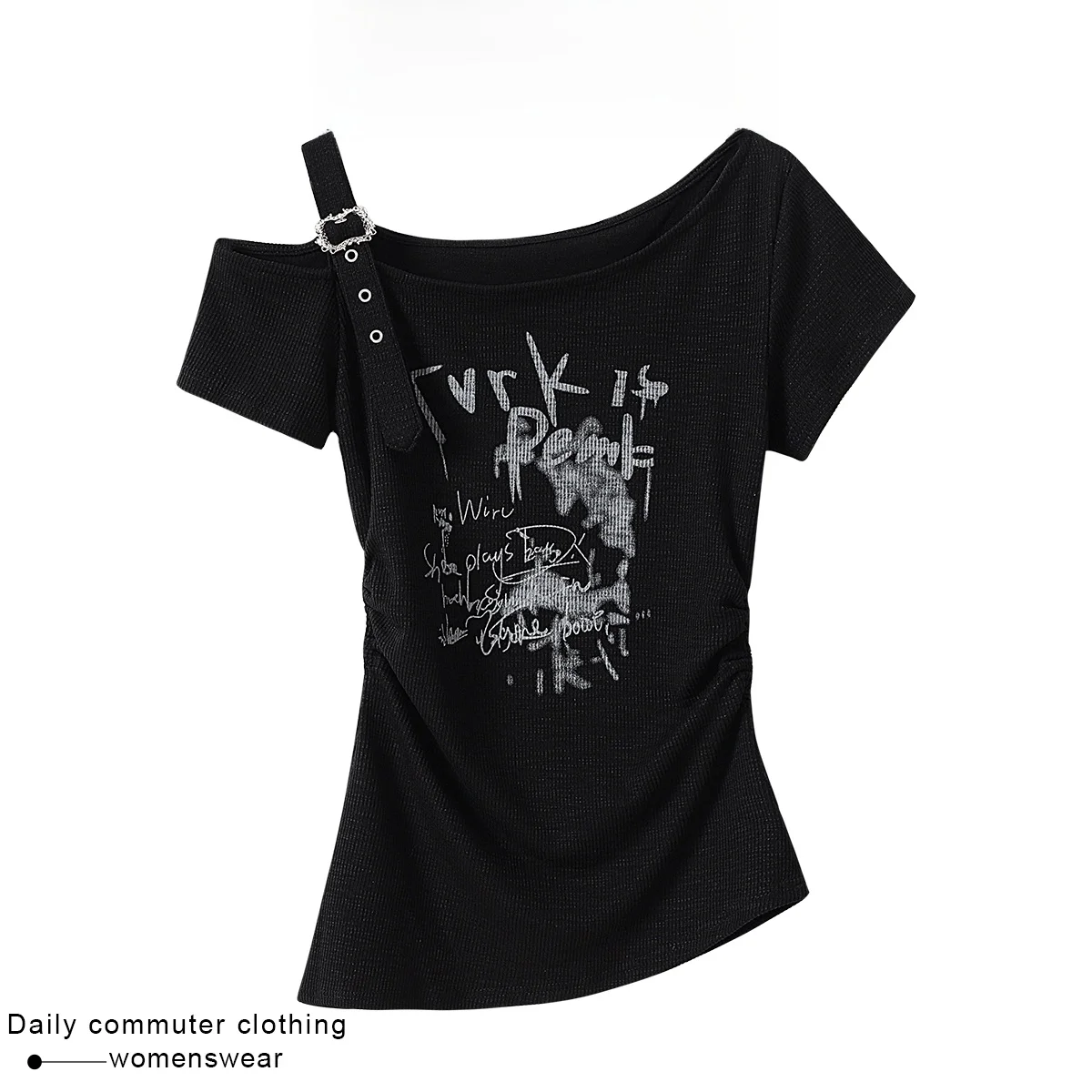Sweet Cool Shoulder Letter Y2K Short Sleeve T-Shirt Women's Summer New Uneven Pleat Slim Fit Upper Body Clothes Coshehkg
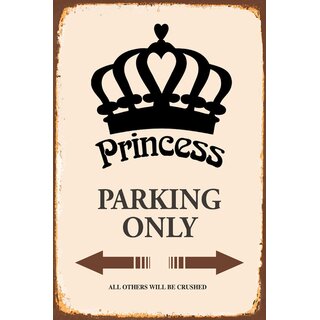 Schild Spruch "Princess Parking Only" 20 x 30 cm Blechschild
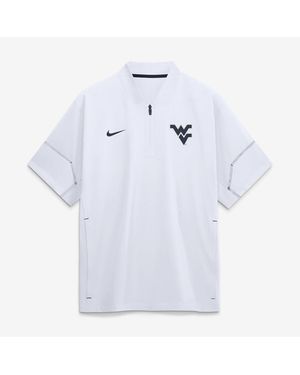 Nike West Virginia Mountaineers 2026 Sideline Short Sleeve Quarter-zip Coach Jacket - White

○ ○ ○ ○ ○

## Problem statement
The final stretch of the data, from the line with "30 cm Blechschild" through its last line, is to be retyped exactly; pictures are not part of the copy.

## Output
 Schild Spruch "Princess Parking Only" 20 x 30 cm Blechschild
 Nike West Virginia Mountaineers 2026 Sideline Short Sleeve Quarter-zip Coach Jacket - White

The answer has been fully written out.